Rail firm says it does not need planning permission for train wash in central Cambridge
Network Rail has refused a request from Cambridge City Council to demonstrate it has the necessary authority to build a train wash in the city.
A group of residents from around Great Eastern Street calling themselves Quash The Trainwash, is opposing the scheme which would see the facility built on railway land 25 metres from their homes.
They are concerned about noise, safety and the visual impact of the train wash.
The city council responded by asking Network Rail to apply for a Certificate of Lawful Development – effectively to show that it does not need planning permission for the development.
Network Rail has said it is confident the train wash qualifies as permitted development, and a certificate is unnecessary.

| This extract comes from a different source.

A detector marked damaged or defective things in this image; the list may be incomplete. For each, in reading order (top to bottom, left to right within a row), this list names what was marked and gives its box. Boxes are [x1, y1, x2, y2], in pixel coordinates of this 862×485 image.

Planning permission is generally not required for building on railway land, but in certain cases, such as work which is particularly intrusive, it can be.
Govia Thameslink Railway (GTR), which is managing the project for Network Rail, has previously said the train wash was mentioned in the planning permission for last year’s Mill Road bridge work, submitted in 2018, as the two are part of the same wider railway scheme.
Jason Thorne, project manager at GTR, told residents at a meeting in January: “We approached the council, told them what the plans were, and they said the only bit that needs to go through planning was the bridge works.”
Cllr Dave Baigent, who represents Romsey ward on the city council, said Network Rail’s refusal suggests a lack of confidence that the scheme would be given planning permission.
Cllr Baigent added that Network Rail is acting like a “bully,” and said the train wash would be “out of all proportion for what their permitted development allowed”.
The city council said, following the refusal, that it is reviewing the situation.
Cambridge MP Daniel Zeichner has written to GTR’s chief executive, Patrick Verwer, outlining residents’ concerns over the legality of the development and the company’s refusal to comply with the council’s request.
Mr Zeichner said: “My view is that GTR should pause any commencement of the project until these important issues are clarified and all questions can be answered, with the relevant details and plans supplied.
“While I recognise the strategic importance of the facility in terms of helping with future expansion of the rail network, community buy-in and support is crucial for the successful delivery of any project.”
Work on the train wash was due to start this month, but GTR said it has been postponed owing to the coronavirus pandemic and lockdown.
No new start time has been specified.
Sean Rintel, of the Quash The Trainwash protest group, said: “The train wash reflects a deeper problem of serious inequities in the UK’s train planning system, which leaves already embattled communities struggling with development decisions taken without their consent, consultation, or recourse to appeal.
“This is about fairness. Network Rail, GTR, and Greater Anglia are claiming that they can build an industrial train wash in a residential area without the kind of planning oversight that most development requires. We think that’s wrong – for us, and for all UK communities. Local residents are being denied the right to have a real say about a major industrial development with a serious impact on their lives.”
He added: “This is not just our fight, it’s a fight for all communities who want both the right to decide about their community planning and the right to a well-planned railway that fits everyone’s needs.”
The city council’s director of planning and economic development, Stephen Kelly, said: “[Network Rail has] explained the basis for their argument that the works proposed to construct the train wash do not require planning permission. They have declined the council’s invitation to apply for a lawful development certificate on the basis that this would add cost, delay delivery of the project and would require additional resources within Network Rail’s team were they to do so across the country.
“They believe on the basis that they feel the work is permitted development, that such an application is unnecessary on this occasion.
“The council is reviewing the argument put forward and expects to conclude on this matter shortly.”
Steve Lammin, engineering director at GTR, said: “Work upgrading Cambridge Depot to stable and service new Thameslink and Greater Anglia trains is essential for improving services to and from the city, and the train wash is an important part of this project.
“While we appreciate that Network Rail has permitted development rights for the train wash to be built on operational railway land, we fully understand the concerns of the residents of Great Eastern Street.
“This is why we have committed to continue to work with them as we reduce any possible impact there may be.”
A spokesperson for Network Rail said: “We are confident that the work is permitted development. We appreciate the comments and concerns of local residents and will look to work with them going forward to address the issues raised.”
Critics have described the train wash as an “enormous piece of industrial infrastructure” and a “monstrosity”.
Residents also criticised GTR for releasing images of the train wash they branded “useless”, “a joke” and “misleading” because they misrepresented the scale of the proposed building.
The train wash is expected to be nine metres high, 34 metres long and seven metres wide, and be located approximately 25 metres from the nearest property boundary.
GTR has played down fears over noise, given assurance residents will not be harmed by chemicals used, and committed to working with residents to mitigate the visual impact.